# Postpone kernel module load



## alie (Dec 22, 2009)

Hi guys,

Is there any way to postpone kernel module load during boot time and i dont want put it on loader.conf ?

I want postpone nvidia & snd_hda module after KDM is loaded.

Thanks,
-Alie


----------



## sixtydoses (Dec 22, 2009)

Not sure but I think you can write the kldload script and place it in /etc/rc.d.


----------



## crsd (Dec 22, 2009)

Doesn't KDM require running X server (which would hardly work without loaded nvidia module, if you are using nvidia-driver)?


----------



## alie (Dec 22, 2009)

crsd said:
			
		

> Doesn't KDM require running X server (which would hardly work without loaded nvidia module, if you are using nvidia-driver)?



Good point!

So i have a plan to write my own script to load all the kernel modules after KDM is loaded except for nvidia module.


----------



## SirDice (Dec 22, 2009)

Why?!?


----------



## phoenix (Dec 22, 2009)

Just don't include the drivers in the kernel, and don't list them in /boot/loader.conf.  That way, the modules won't be loaded automatically at boot time.

If this is a single-user system, then you can write a script that will kldload each of the modules, and put that into the *Autostart* directory for your window manager/DE (KDE uses ~/.kde/Autostart/).  Any executable scripts in the Autostart directory will be run automatically as part of the login process.

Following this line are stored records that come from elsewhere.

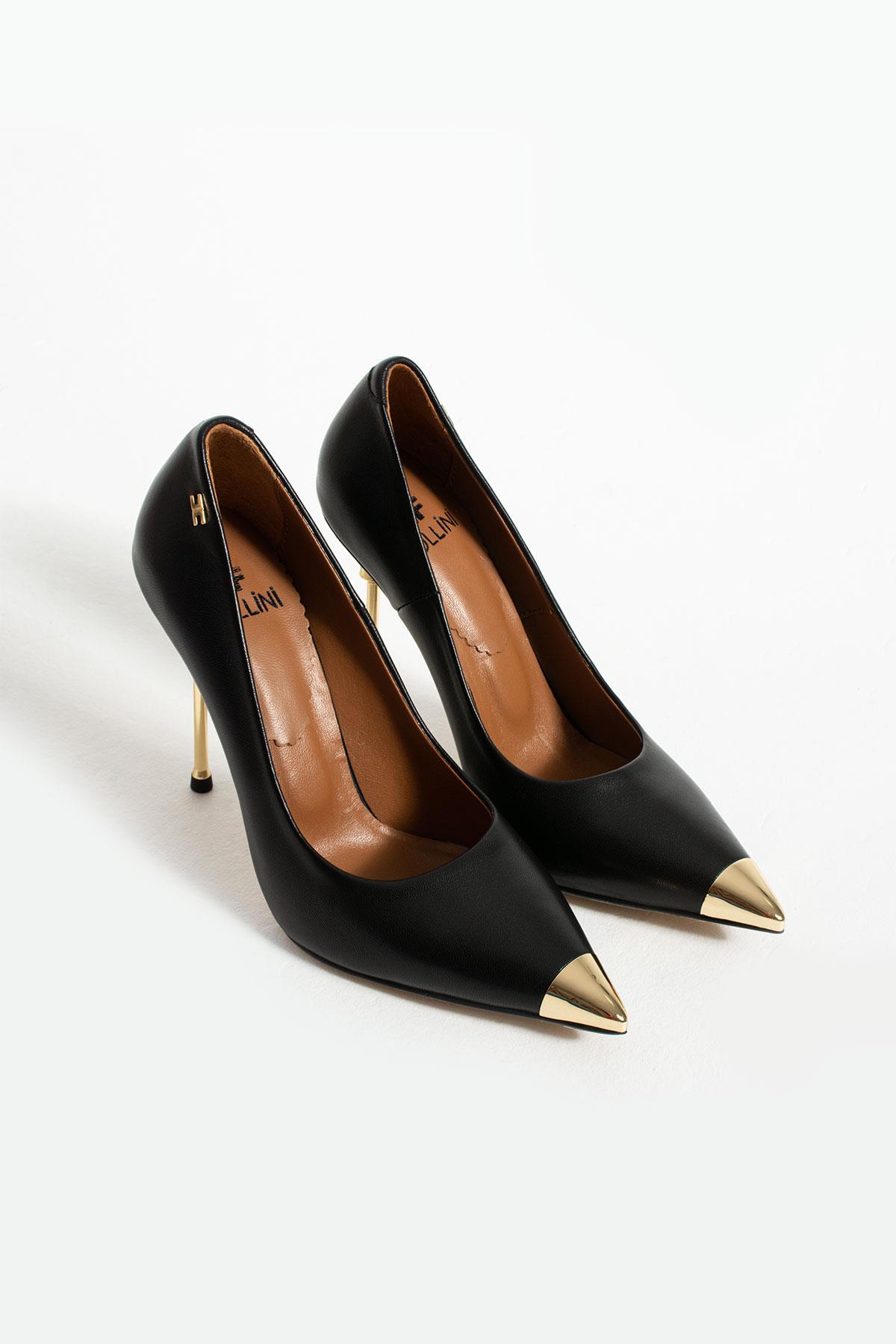 Kadın Hakiki Deri Stiletto Siyah
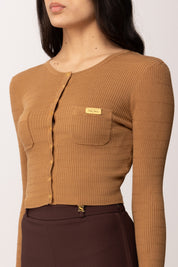 Elisabetta Franchi Cardigan Crop In Maglia a Micro-trecce MK88B61E2 DAINO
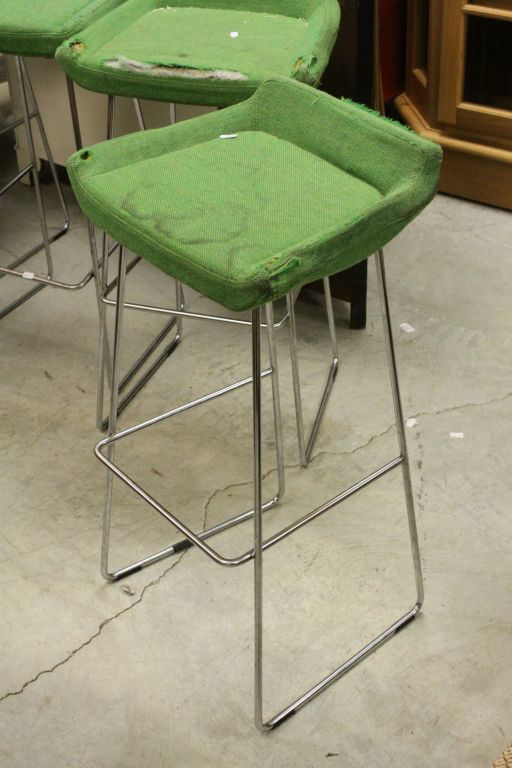 Seven Swedish Swedese ' Happy ' Bar Stools with Upholstered Seats and Chrome Stands - Image 2 of 7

If this is a multi-user system, you can write an RC script that will call your script as part of the "start" section.  Be sure to put *kdm* into the REQUIRE line, and possibly into the AFTER line, so that it's not run until after kdm is running.


----------



## alie (Dec 23, 2009)

SirDice said:
			
		

> Why?!?



Becoz i am trying to speed up the boot time from 45 seconds to 25 seconds


----------